The debate has a few new factors. The state legislature is poised to debate a statewide law in its upcoming session in January. Five of Austin’s 11 city council members face election contests this November, including several who voted in favor of stricter regulations for Uber. And the ride-hailing companies that replaced Uber and Lyft continue to struggle to handle peak demand during big events, like this weekend’s Austin City Limits Music Festival.

Now, refreshed with new faces and new tactics, Uber wants to find a compromise at city hall that could allow the company to resume service in Austin, which could radically shift the ride-hailing marketplace and the seven new companies trying to fill the Uber and Lyft void.

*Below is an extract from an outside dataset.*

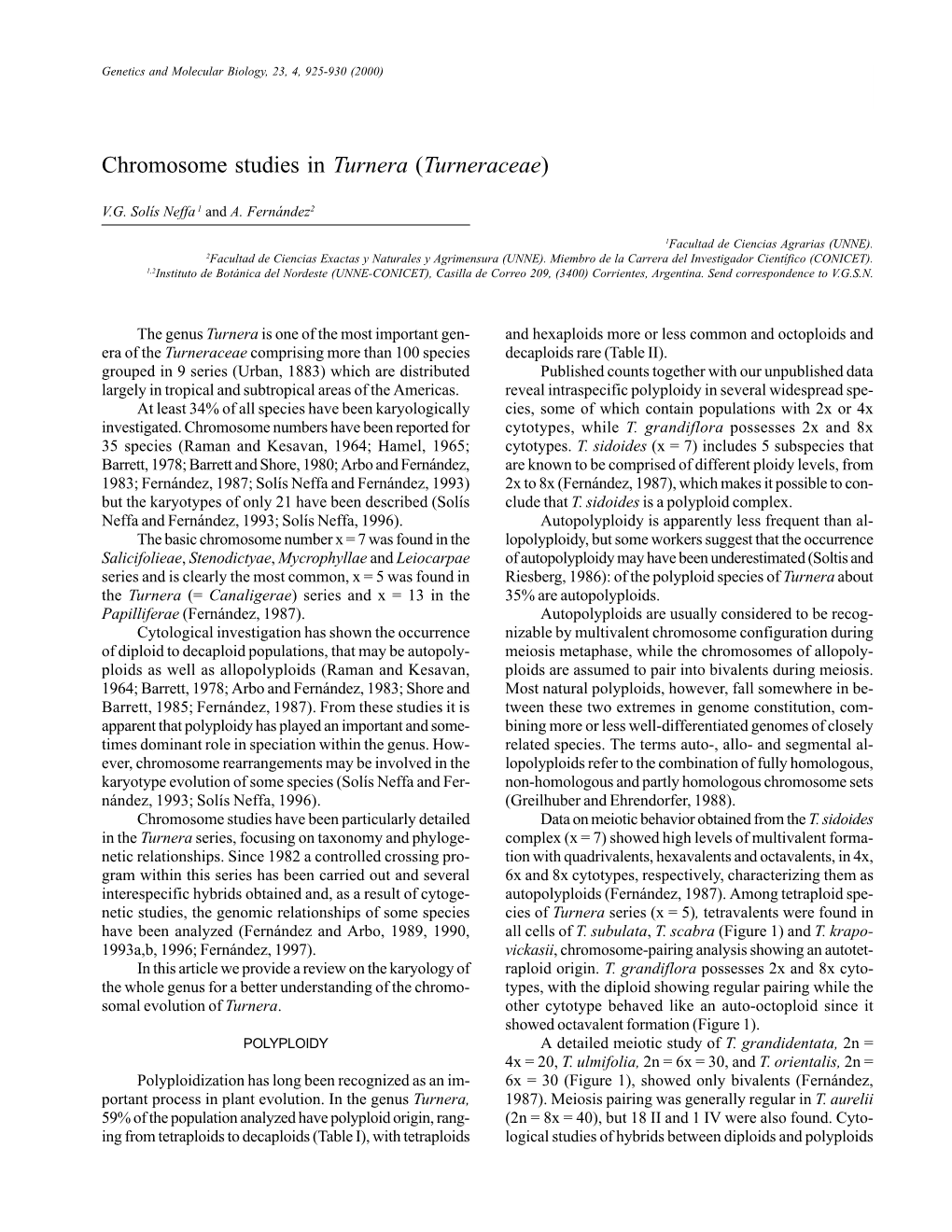 Chromosome Studies in Turnera (Turneraceae)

What you’ll read below is the conversation between Austin Inno and Theunissen, edited slightly for brevity and clarity. The conversation occurred at a downtown coffee shop a day before the first weekend of ACL Festival, which is likely to be the biggest test yet of the emerging ride-hailing startups that have replaced Uber and Lyft in Austin.

Trevor Theunissen, Uber’s public affairs manager in Austin. (Photo by Brent Wistrom)

What Uber Has Done Since the Prop 1 Election

Austin Inno: What has Uber been up to since going dark after the Prop 1 election in May?

Trevor: We’ve been up to a lot. We have about 40 employees in our Austin office. Our Austin office oversees the operations of Oklahoma, San Antonio, Austin, as well as the surround areas. We also have our other product, UberEATS, which is growing tremendously, and we’re running some of those operations out of this office, as well.

I think one of the things that Prop 1 showed us is that we need to have better community relationships, that we need to be able to go out into the community and tell our story in a more effective way and that we need to build third-party relationships and better relationships with riders and drivers.

I think one of the other things we’ve been up to is going around the community to figure out how we can be better involved in Austin, how we can be part of the city and how we can understand the city better. I think at the end of the day what our services provide is a true city-based service. It helps people get around their city in ways that were never possible before. And, in order to do that, to be effective at our job, we’ve got to understand what drivers and riders have come to demand and expect and what their challenges are.

Since I’ve been on the ground the past two and a half months, one of my important focuses is to figure out how we can become more involved, more ingrained and become part of the furniture of Austin and really understand the community in ways that we didn’t during Prop 1 and before Prop 1.

AI: Tell me about some of the new faces at Uber. You’re new in Austin, since about the 4th of July. Does Uber have new people in town as a result of Prop 1 or just regular turnover?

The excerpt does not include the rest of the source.